* Task goal *
Could you restate every line of the data word for word?

* Data provided *

┄┄┄┄┄┄┄┄┄┄┄┄┄┄┄┄┄┄┄┄

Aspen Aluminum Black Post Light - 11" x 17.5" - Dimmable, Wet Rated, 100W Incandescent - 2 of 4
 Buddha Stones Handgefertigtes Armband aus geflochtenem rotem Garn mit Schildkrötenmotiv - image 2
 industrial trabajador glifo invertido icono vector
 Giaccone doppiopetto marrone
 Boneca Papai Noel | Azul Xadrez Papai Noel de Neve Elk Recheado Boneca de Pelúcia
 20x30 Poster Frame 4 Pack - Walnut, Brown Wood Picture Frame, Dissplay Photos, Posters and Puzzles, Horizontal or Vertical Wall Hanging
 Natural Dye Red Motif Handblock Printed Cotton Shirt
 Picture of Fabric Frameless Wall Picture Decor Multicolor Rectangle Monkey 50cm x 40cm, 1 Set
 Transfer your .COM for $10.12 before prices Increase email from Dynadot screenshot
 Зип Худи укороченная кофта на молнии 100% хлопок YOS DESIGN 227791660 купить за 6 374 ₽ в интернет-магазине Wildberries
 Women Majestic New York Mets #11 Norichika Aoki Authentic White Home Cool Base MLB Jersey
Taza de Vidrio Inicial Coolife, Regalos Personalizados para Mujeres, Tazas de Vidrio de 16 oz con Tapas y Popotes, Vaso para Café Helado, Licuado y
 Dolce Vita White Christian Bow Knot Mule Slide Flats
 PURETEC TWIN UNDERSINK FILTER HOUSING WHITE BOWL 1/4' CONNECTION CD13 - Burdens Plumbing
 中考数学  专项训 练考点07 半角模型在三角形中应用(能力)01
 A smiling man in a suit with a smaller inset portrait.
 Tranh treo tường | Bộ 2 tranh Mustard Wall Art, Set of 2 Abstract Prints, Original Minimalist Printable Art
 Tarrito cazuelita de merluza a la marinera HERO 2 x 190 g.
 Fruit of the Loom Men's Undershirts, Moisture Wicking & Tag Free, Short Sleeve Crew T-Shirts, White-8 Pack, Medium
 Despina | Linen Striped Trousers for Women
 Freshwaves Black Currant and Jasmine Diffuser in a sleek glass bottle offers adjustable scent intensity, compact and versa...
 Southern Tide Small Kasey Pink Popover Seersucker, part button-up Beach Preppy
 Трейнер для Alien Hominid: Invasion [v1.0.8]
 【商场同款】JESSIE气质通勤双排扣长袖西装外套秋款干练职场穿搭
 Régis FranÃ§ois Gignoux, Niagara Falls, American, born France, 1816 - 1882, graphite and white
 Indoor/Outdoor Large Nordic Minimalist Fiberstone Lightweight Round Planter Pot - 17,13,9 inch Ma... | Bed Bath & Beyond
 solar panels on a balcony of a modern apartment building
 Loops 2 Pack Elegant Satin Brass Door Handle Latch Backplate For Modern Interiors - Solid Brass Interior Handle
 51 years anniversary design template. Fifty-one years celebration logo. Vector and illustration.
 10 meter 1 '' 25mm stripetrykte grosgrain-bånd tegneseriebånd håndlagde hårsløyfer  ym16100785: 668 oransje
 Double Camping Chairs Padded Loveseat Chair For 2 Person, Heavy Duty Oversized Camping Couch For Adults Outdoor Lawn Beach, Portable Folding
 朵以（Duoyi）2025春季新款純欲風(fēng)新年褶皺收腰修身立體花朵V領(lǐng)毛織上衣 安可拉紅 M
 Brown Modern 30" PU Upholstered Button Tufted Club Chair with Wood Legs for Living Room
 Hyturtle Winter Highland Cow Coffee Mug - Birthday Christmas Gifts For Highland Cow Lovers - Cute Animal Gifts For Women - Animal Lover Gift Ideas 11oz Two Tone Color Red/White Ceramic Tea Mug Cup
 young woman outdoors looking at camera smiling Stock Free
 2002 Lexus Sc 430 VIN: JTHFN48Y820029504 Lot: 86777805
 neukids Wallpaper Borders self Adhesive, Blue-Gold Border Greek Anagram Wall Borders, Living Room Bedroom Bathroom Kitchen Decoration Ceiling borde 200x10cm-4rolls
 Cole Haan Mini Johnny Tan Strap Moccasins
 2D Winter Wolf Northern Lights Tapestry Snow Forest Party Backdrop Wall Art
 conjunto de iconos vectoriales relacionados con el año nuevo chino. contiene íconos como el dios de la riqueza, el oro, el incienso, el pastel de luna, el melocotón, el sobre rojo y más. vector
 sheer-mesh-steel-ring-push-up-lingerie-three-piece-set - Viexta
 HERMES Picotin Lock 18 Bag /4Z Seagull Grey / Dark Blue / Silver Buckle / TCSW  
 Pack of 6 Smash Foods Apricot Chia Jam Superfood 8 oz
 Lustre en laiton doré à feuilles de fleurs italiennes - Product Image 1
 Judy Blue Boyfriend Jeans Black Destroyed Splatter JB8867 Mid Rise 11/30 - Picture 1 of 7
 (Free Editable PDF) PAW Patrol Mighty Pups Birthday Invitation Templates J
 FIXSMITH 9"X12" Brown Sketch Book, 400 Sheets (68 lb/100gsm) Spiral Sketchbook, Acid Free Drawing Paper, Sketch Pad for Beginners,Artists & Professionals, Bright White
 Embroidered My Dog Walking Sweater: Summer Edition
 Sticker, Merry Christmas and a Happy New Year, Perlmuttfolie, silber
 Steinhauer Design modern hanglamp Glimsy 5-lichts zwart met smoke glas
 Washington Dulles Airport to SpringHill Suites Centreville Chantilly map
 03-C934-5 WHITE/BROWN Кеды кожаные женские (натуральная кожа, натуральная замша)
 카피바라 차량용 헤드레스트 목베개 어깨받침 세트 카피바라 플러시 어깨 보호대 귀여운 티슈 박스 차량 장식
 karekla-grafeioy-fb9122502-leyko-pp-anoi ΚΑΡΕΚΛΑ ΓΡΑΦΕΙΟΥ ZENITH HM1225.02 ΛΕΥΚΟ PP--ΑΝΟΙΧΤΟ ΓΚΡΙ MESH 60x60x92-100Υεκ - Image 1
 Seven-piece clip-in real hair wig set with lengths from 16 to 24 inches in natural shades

┄┄┄┄┄┄┄┄┄┄┄┄┄┄┄┄┄┄┄┄

* Result of this exercise *
Aspen Aluminum Black Post Light - 11" x 17.5" - Dimmable, Wet Rated, 100W Incandescent - 2 of 4
 Buddha Stones Handgefertigtes Armband aus geflochtenem rotem Garn mit Schildkrötenmotiv - image 2
 industrial trabajador glifo invertido icono vector
 Giaccone doppiopetto marrone
 Boneca Papai Noel | Azul Xadrez Papai Noel de Neve Elk Recheado Boneca de Pelúcia
 20x30 Poster Frame 4 Pack - Walnut, Brown Wood Picture Frame, Dissplay Photos, Posters and Puzzles, Horizontal or Vertical Wall Hanging
 Natural Dye Red Motif Handblock Printed Cotton Shirt
 Picture of Fabric Frameless Wall Picture Decor Multicolor Rectangle Monkey 50cm x 40cm, 1 Set
 Transfer your .COM for $10.12 before prices Increase email from Dynadot screenshot
 Зип Худи укороченная кофта на молнии 100% хлопок YOS DESIGN 227791660 купить за 6 374 ₽ в интернет-магазине Wildberries
 Women Majestic New York Mets #11 Norichika Aoki Authentic White Home Cool Base MLB Jersey
Taza de Vidrio Inicial Coolife, Regalos Personalizados para Mujeres, Tazas de Vidrio de 16 oz con Tapas y Popotes, Vaso para Café Helado, Licuado y
 Dolce Vita White Christian Bow Knot Mule Slide Flats
 PURETEC TWIN UNDERSINK FILTER HOUSING WHITE BOWL 1/4' CONNECTION CD13 - Burdens Plumbing
 中考数学  专项训 练考点07 半角模型在三角形中应用(能力)01
 A smiling man in a suit with a smaller inset portrait.
 Tranh treo tường | Bộ 2 tranh Mustard Wall Art, Set of 2 Abstract Prints, Original Minimalist Printable Art
 Tarrito cazuelita de merluza a la marinera HERO 2 x 190 g.
 Fruit of the Loom Men's Undershirts, Moisture Wicking & Tag Free, Short Sleeve Crew T-Shirts, White-8 Pack, Medium
 Despina | Linen Striped Trousers for Women
 Freshwaves Black Currant and Jasmine Diffuser in a sleek glass bottle offers adjustable scent intensity, compact and versa...
 Southern Tide Small Kasey Pink Popover Seersucker, part button-up Beach Preppy
 Трейнер для Alien Hominid: Invasion [v1.0.8]
 【商场同款】JESSIE气质通勤双排扣长袖西装外套秋款干练职场穿搭
 Régis FranÃ§ois Gignoux, Niagara Falls, American, born France, 1816 - 1882, graphite and white
 Indoor/Outdoor Large Nordic Minimalist Fiberstone Lightweight Round Planter Pot - 17,13,9 inch Ma... | Bed Bath & Beyond
 solar panels on a balcony of a modern apartment building
 Loops 2 Pack Elegant Satin Brass Door Handle Latch Backplate For Modern Interiors - Solid Brass Interior Handle
 51 years anniversary design template. Fifty-one years celebration logo. Vector and illustration.
 10 meter 1 '' 25mm stripetrykte grosgrain-bånd tegneseriebånd håndlagde hårsløyfer  ym16100785: 668 oransje
 Double Camping Chairs Padded Loveseat Chair For 2 Person, Heavy Duty Oversized Camping Couch For Adults Outdoor Lawn Beach, Portable Folding
 朵以（Duoyi）2025春季新款純欲風(fēng)新年褶皺收腰修身立體花朵V領(lǐng)毛織上衣 安可拉紅 M
 Brown Modern 30" PU Upholstered Button Tufted Club Chair with Wood Legs for Living Room
 Hyturtle Winter Highland Cow Coffee Mug - Birthday Christmas Gifts For Highland Cow Lovers - Cute Animal Gifts For Women - Animal Lover Gift Ideas 11oz Two Tone Color Red/White Ceramic Tea Mug Cup
 young woman outdoors looking at camera smiling Stock Free
 2002 Lexus Sc 430 VIN: JTHFN48Y820029504 Lot: 86777805
 neukids Wallpaper Borders self Adhesive, Blue-Gold Border Greek Anagram Wall Borders, Living Room Bedroom Bathroom Kitchen Decoration Ceiling borde 200x10cm-4rolls
 Cole Haan Mini Johnny Tan Strap Moccasins
 2D Winter Wolf Northern Lights Tapestry Snow Forest Party Backdrop Wall Art
 conjunto de iconos vectoriales relacionados con el año nuevo chino. contiene íconos como el dios de la riqueza, el oro, el incienso, el pastel de luna, el melocotón, el sobre rojo y más. vector
 sheer-mesh-steel-ring-push-up-lingerie-three-piece-set - Viexta
 HERMES Picotin Lock 18 Bag /4Z Seagull Grey / Dark Blue / Silver Buckle / TCSW  
 Pack of 6 Smash Foods Apricot Chia Jam Superfood 8 oz
 Lustre en laiton doré à feuilles de fleurs italiennes - Product Image 1
 Judy Blue Boyfriend Jeans Black Destroyed Splatter JB8867 Mid Rise 11/30 - Picture 1 of 7
 (Free Editable PDF) PAW Patrol Mighty Pups Birthday Invitation Templates J
 FIXSMITH 9"X12" Brown Sketch Book, 400 Sheets (68 lb/100gsm) Spiral Sketchbook, Acid Free Drawing Paper, Sketch Pad for Beginners,Artists & Professionals, Bright White
 Embroidered My Dog Walking Sweater: Summer Edition
 Sticker, Merry Christmas and a Happy New Year, Perlmuttfolie, silber
 Steinhauer Design modern hanglamp Glimsy 5-lichts zwart met smoke glas
 Washington Dulles Airport to SpringHill Suites Centreville Chantilly map
 03-C934-5 WHITE/BROWN Кеды кожаные женские (натуральная кожа, натуральная замша)
 카피바라 차량용 헤드레스트 목베개 어깨받침 세트 카피바라 플러시 어깨 보호대 귀여운 티슈 박스 차량 장식
 karekla-grafeioy-fb9122502-leyko-pp-anoi ΚΑΡΕΚΛΑ ΓΡΑΦΕΙΟΥ ZENITH HM1225.02 ΛΕΥΚΟ PP--ΑΝΟΙΧΤΟ ΓΚΡΙ MESH 60x60x92-100Υεκ - Image 1
 Seven-piece clip-in real hair wig set with lengths from 16 to 24 inches in natural shades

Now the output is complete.